Menderita hipertensi atau tekanan darah tinggi tidak hanya mengancam orang dewasa saja. Bahkan, anak-anak yang masih di bawah umur sekalipun memiliki risiko yang sama. “Hipertensi pada anak berkisar 1-2%. Anak dengan hipertensi mempunyai risiko hampir 4 kali lebih besar untuk menderita hipertensi (lebih besar) pada masa dewasa dibandingkan anak normal,” ungkap dr. Arieska Ann Soenarta, SpJP (K) M.D. FIHA, selaku Senior Consultant Cardiologist dalam sebuah diskusi bersama Indonesia Society of Hypertension (InaSH).

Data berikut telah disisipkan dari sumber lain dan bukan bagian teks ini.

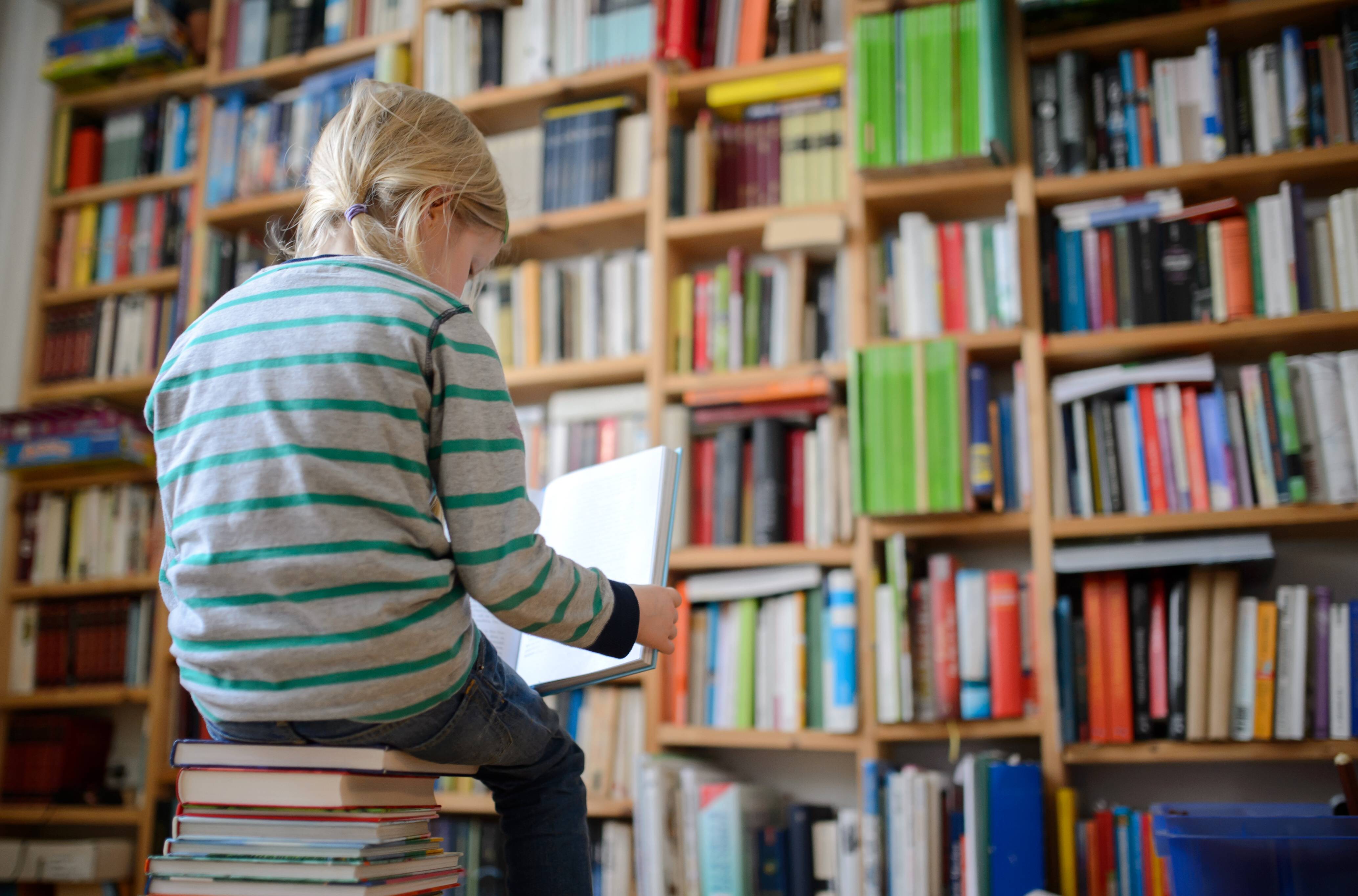 Ein Kind sitzt auf einem Buchstapel und liest ein Buch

Hipertensi pada anak belakangan ini terus mengalami kenaikan. Jika diabaikan, penyakit ini akan berdampak buruk bagi kesehatan anak saat mereka menginjak dewasa nanti. “Hipertensi pada anak memberikan dampak buruk bagi kesehatan kardiovaskular di saat masa dewasa nanti,” tambah dr. Arieska. Perubahan gaya hidup dan pola asuh yang salah merupakan beberap faktor penyebabnya. Lebih jelasnya dr. Arieska menjabarkan faktor lainnya yang dapat memicu terjadinya hipertensi pada anak berikut ini.


Keturunan atau Genetik

“Hipertensi dapat dikatakan penyakit bawaan yang diturunkan orangtua. Sebaiknya ibu lebih cermat dalam mengasuh anak. Terlebih jika keluarga Anda mempunyai riwayat buruk dalam kesehatan ginjal dan pembuluh darah. Biasakan menerapkan gaya hidup sehat dengan menjaga pola makan mereka, supaya hipertensi pada anak tidak muncul pada saat usia mereka menginjak remaja muda.”




Obesitas Pada Anak

“Jangan terlalu senang ketika anak tumbuh dengan berat badan yang tinggi. Kegemukan pada anak dapat menjadi penyebab utama mereka mengalami hipertensi. Sebaiknya tetap jaga pola makan sang buah hati, perbanyak sayuran dan buah-buahan, serta hindari segala jenis makanan yang mengandung garam tinggi.”


Gaya Hidup Yang Salah

“Sebagian orangtua saat ini lebih senang memanjakan anaknya. Mereka dengan mudah membelikan anak gadget, membiarkannya menonton TV agar tidak rewel dan sibuk sendiri. Selain itu, biasanya para ibu senang menghabiskan waktu jalan-jalan di mal dan makan di luar rumah. Padahal kebiasaan ini membuat si kecil menjadi malas dan tidak aktif. Alhasil, berat badannya terus meningkat, karena ruang geraknya terbatas dan kurang berolahraga.” 


Malas Mengontrol Kesehatan Anak

“Sebaiknya ibu jangan hanya sibuk mengontrol tekanan darah sendiri saja, tapi cobalah ajak anak untuk mengecek kesehatannya. Tekanan darah pada anak laki-laki umumnya lebih besar daripada anak perempuan. Selain itu, hindari segala jenis obat-obatan yang memicu terjadinya hipertensi pada anak.”




Aktivitas Yang Kurang Tepat 

“Dari pada pergi ke mal setiap hari, cobalah berlibur ke alam terbuka, seperti pantai, kebun binatang, taman, berolahraga, dan kegiatan lainnya yang mampu mengasah kemampuan otak serta bersentuhan langsung dengan alam. Kegiatan ini tidak hanya baik untuk pertumbuhan mentalnya, tetapi juga dapat membuat pikirannya menjadi rileks dan badan lebih aktif bergerak.”